I grapple with the crash because I feel that it wasn’t just operator error — I feel like I did everything that I could in the moment. I saw it happen, reacted, and just ran out of space. I still curse the person who decided to make an egregiously dangerous U-turn in front of the Veloster, which caused the guy in the Veloster to panic brake so suddenly. It has shown me that no matter how hard I focus, train, or otherwise practice alert and defensive driving, that I can still get stuck in a shitty accident that left me feeling the way I do now.
Even as I write now, this has been somewhat excruciating to recollect. I was driving down the canyon that same morning, marveling at how much I enjoyed driving that car. Now, I feel more lonely and depressed than I have in a long time. It’s been more days blasting Mac DeMarco than Tyler, The Creator, more days frustrated by how disappointing my ZHP is in the canyons, more days I fucking knock myself down for ruining a car that let me run free, and more money I’m spending on my second car that was never meant to be my everyday driver, money that I feel like I could have been saving if I hadn’t crashed.

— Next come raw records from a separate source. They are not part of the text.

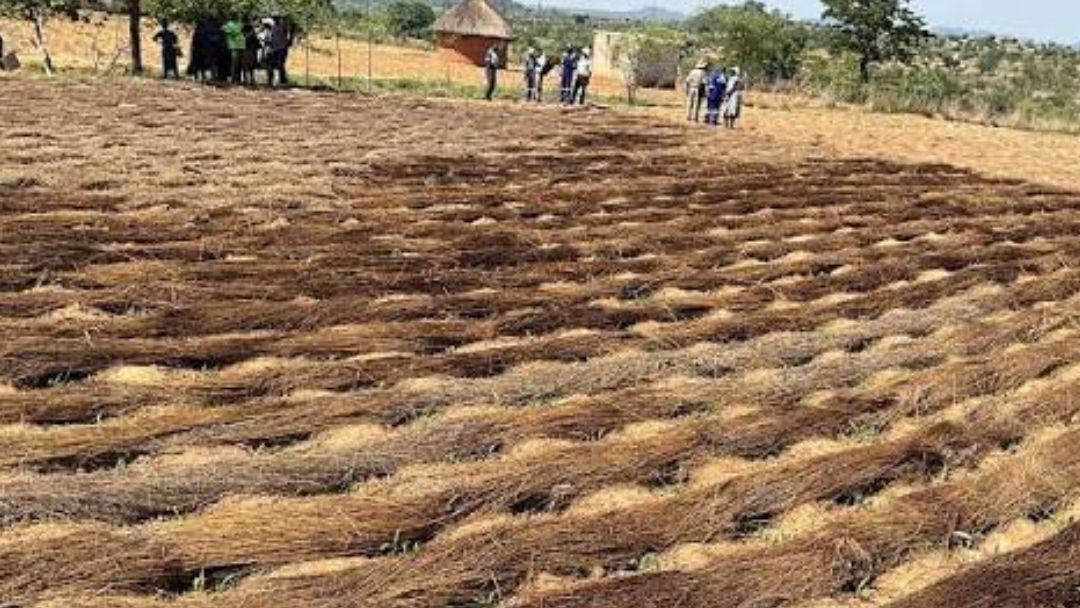 COMMENT: Farmers must not let early rains cloud their  judgment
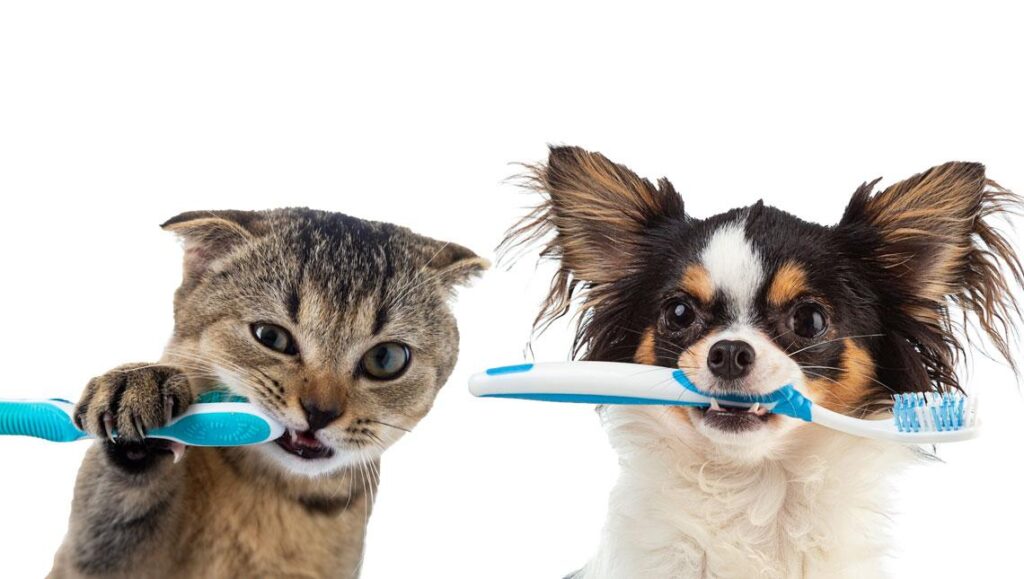 Salud bucal en perros y gatos: consejos para evitar la enfermedad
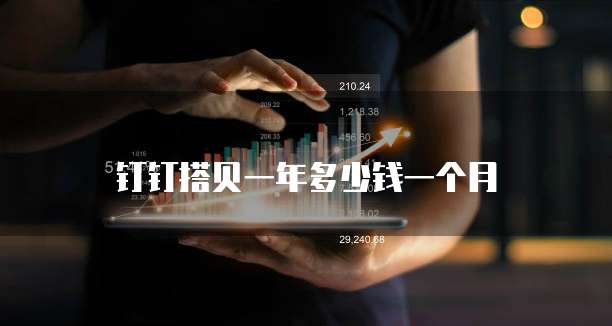 钉钉搭贝一年多少钱一个月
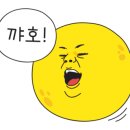 털보네회포차 네이버블로그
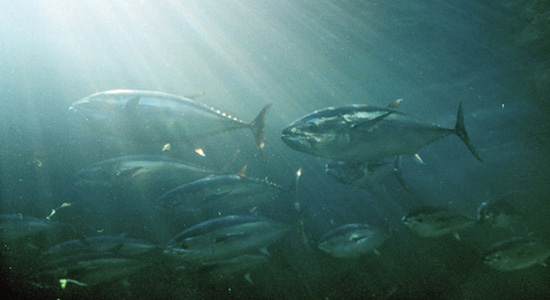 Bluefin tuna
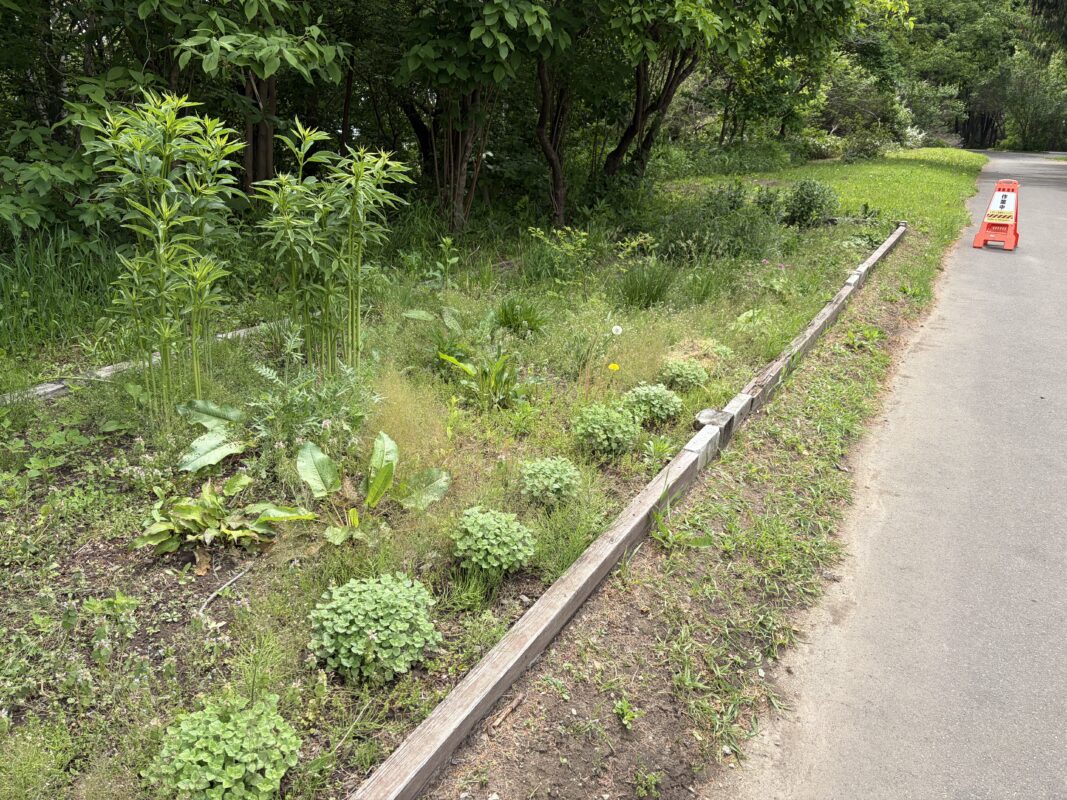 宿根草花壇 除草前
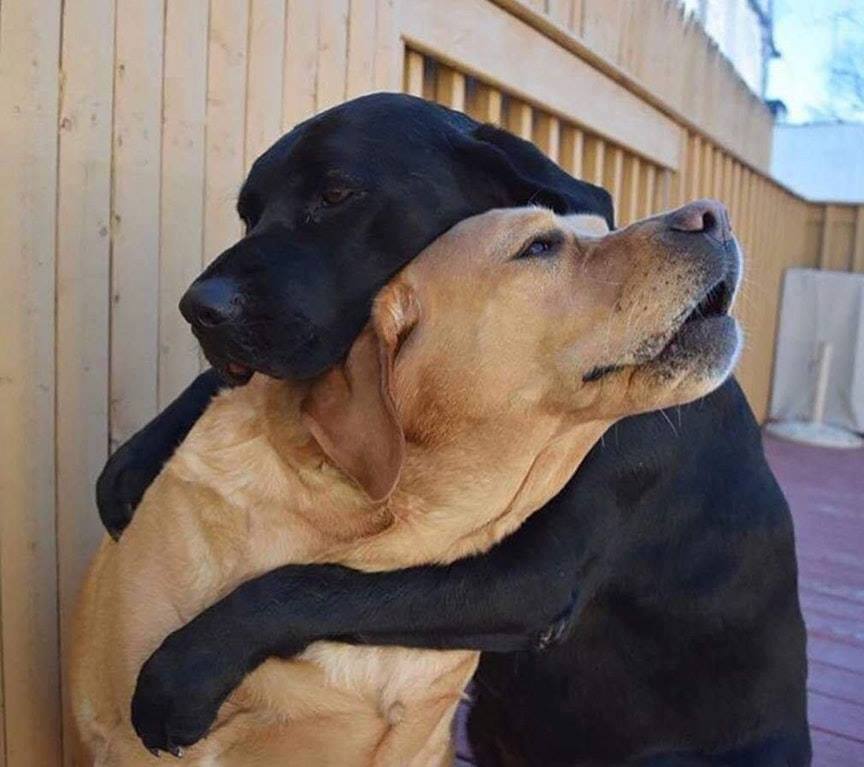 a loving hug.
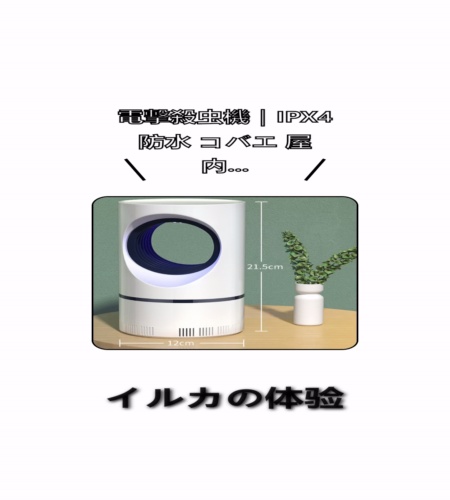 実物検証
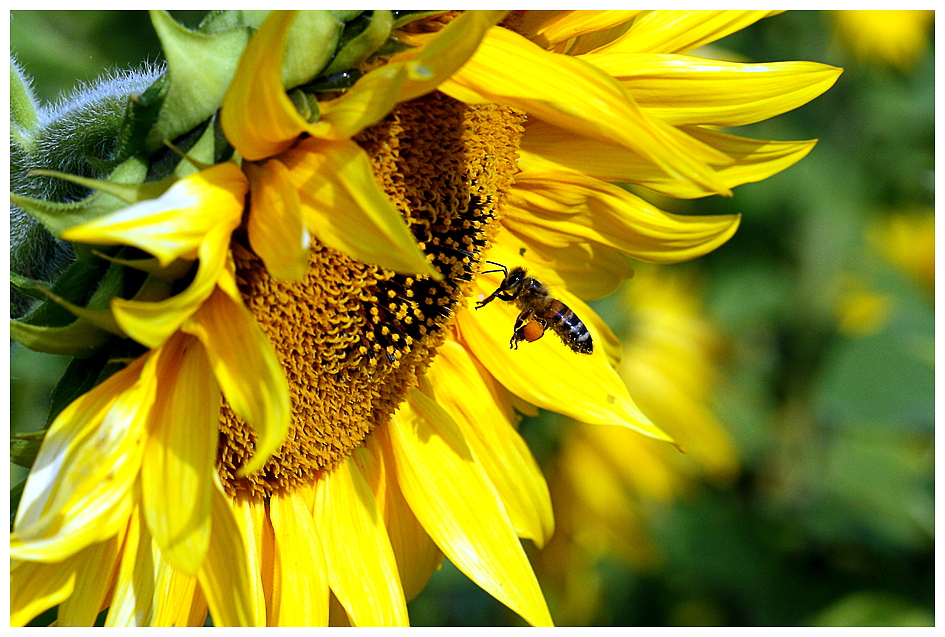 Biene und Sonnenblume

I’ve been starting to think about getting professional help for what I’ve been feeling, and that is OK. I wonder how many more folks feel like this after a crash who don’t ever get the help they need. I certainly didn’t think that I would feel this way, nor would I have recognized it if some kind friends told me to look out for something like this. It isn’t constant and I can still function all of the time, it’s just small dips I feel every so often and days where I need to climb over it a little bit.
We all fuck up. It’s up to us to do the hard work of rebounding from those mistakes and do better. I certainly have adjusted my driving habits to avoid a situation like that whenever I can. Now, it’s time for me to focus on my mind and do some work to get out of this slump. If anyone else is struggling with this sort of thing, don’t hesitate to reach out. Most importantly, give yourself the room to breathe and take stock of yourself. I had to look around and realize how suffocated I felt by being forced to exchange the familiarity of my GTI for the unknown BMW and forced to reckon with my ego, mortality, and self-confidence.

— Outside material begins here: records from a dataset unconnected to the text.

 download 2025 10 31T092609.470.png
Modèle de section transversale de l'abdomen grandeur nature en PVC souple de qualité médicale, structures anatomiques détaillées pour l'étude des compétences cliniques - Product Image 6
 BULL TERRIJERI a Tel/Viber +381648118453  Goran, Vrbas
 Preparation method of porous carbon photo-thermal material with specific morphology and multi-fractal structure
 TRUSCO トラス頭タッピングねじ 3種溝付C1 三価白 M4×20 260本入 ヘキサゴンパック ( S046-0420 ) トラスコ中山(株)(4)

Writing this piece has given me some relief. I’ve noticed that the worst of what I felt has left my day-to-day life. I still often have flashbacks to the moment of impact. Especially the feeling and realization that the mighty Stoptech brakes I installed on my car were not going to save me this time.

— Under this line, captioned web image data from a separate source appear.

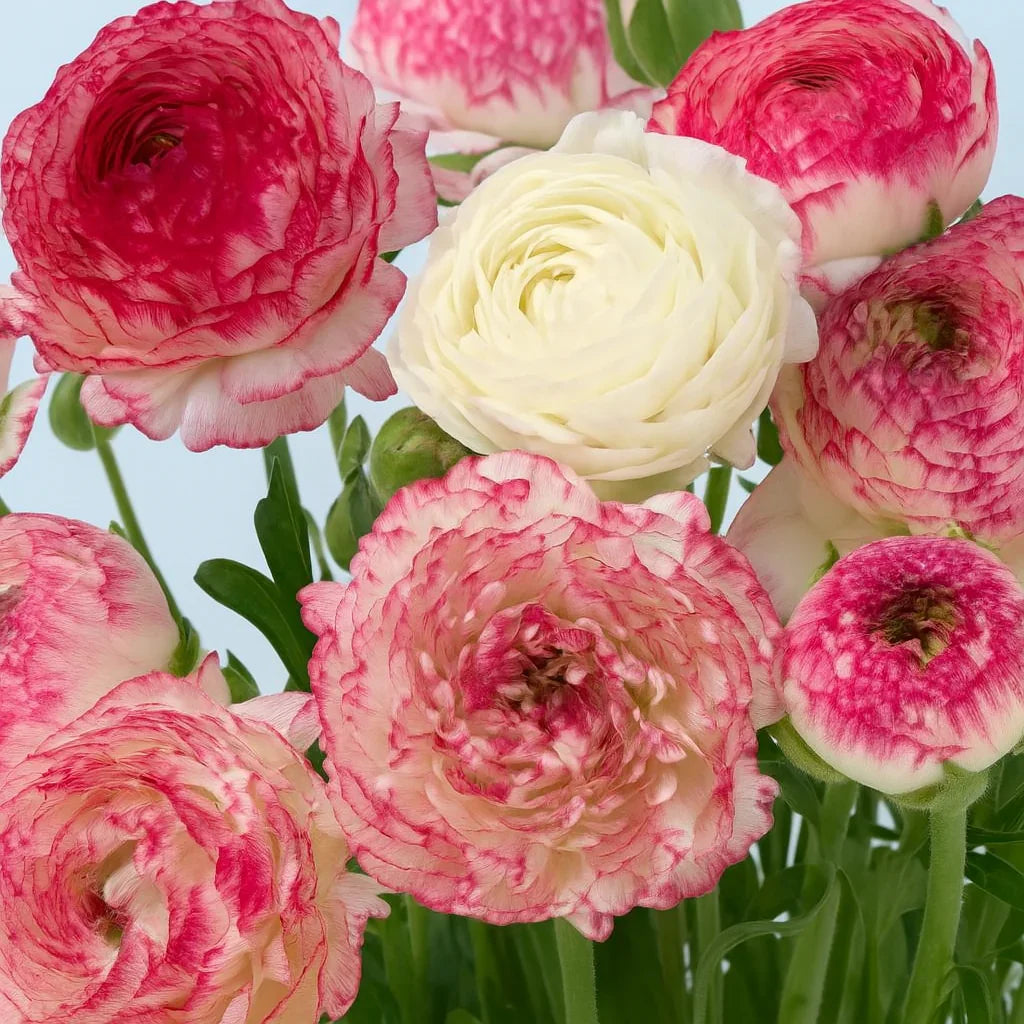 Pastel Peonies Ranunculus Bulb Blend (Pack of 10) Netherland Bulb Company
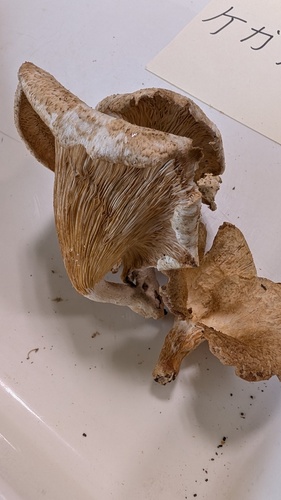 Lentinus squarrosulus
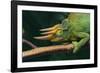 Jackson's Chameleon-DLILLC-Framed Photographic Print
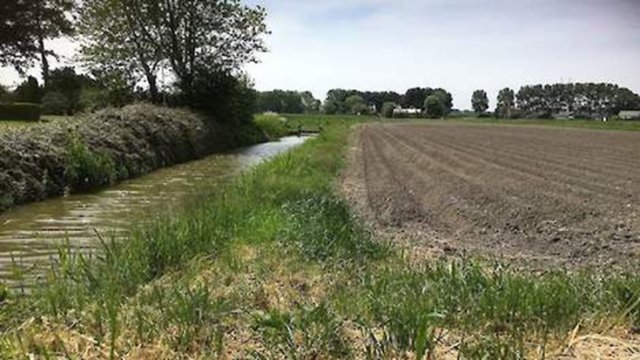 Teelt-, mest- en spuitvrije zone langs slootkant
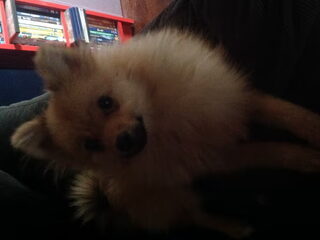 Foto 4 van een Keeshond, Dwerg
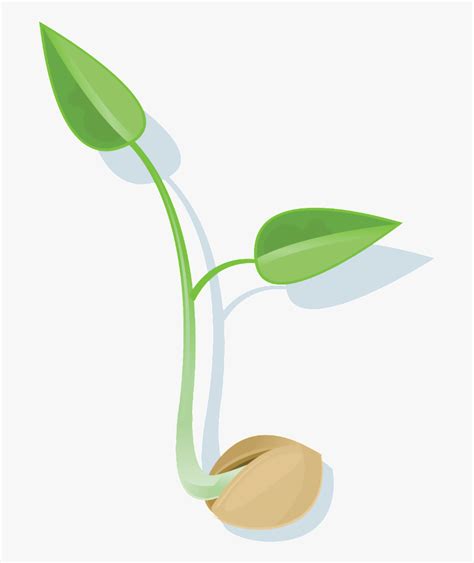 Seed Sprout Clipart 9 Free Cliparts Download Images On Clipground 2025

As for Six Iron — it will come back. A good inspection has shown me that the damage is superficial and it avoided bending any of the hard points of the front structure. I should be set after a couple of thousand dollars and some bolt-on genuine parts from Volkswagen. I’m hoping that repaying the debt to my treasured GTI will help ease my mind. I’m almost sure that once we’re driving in the Angeles Forest again, my worries will abate.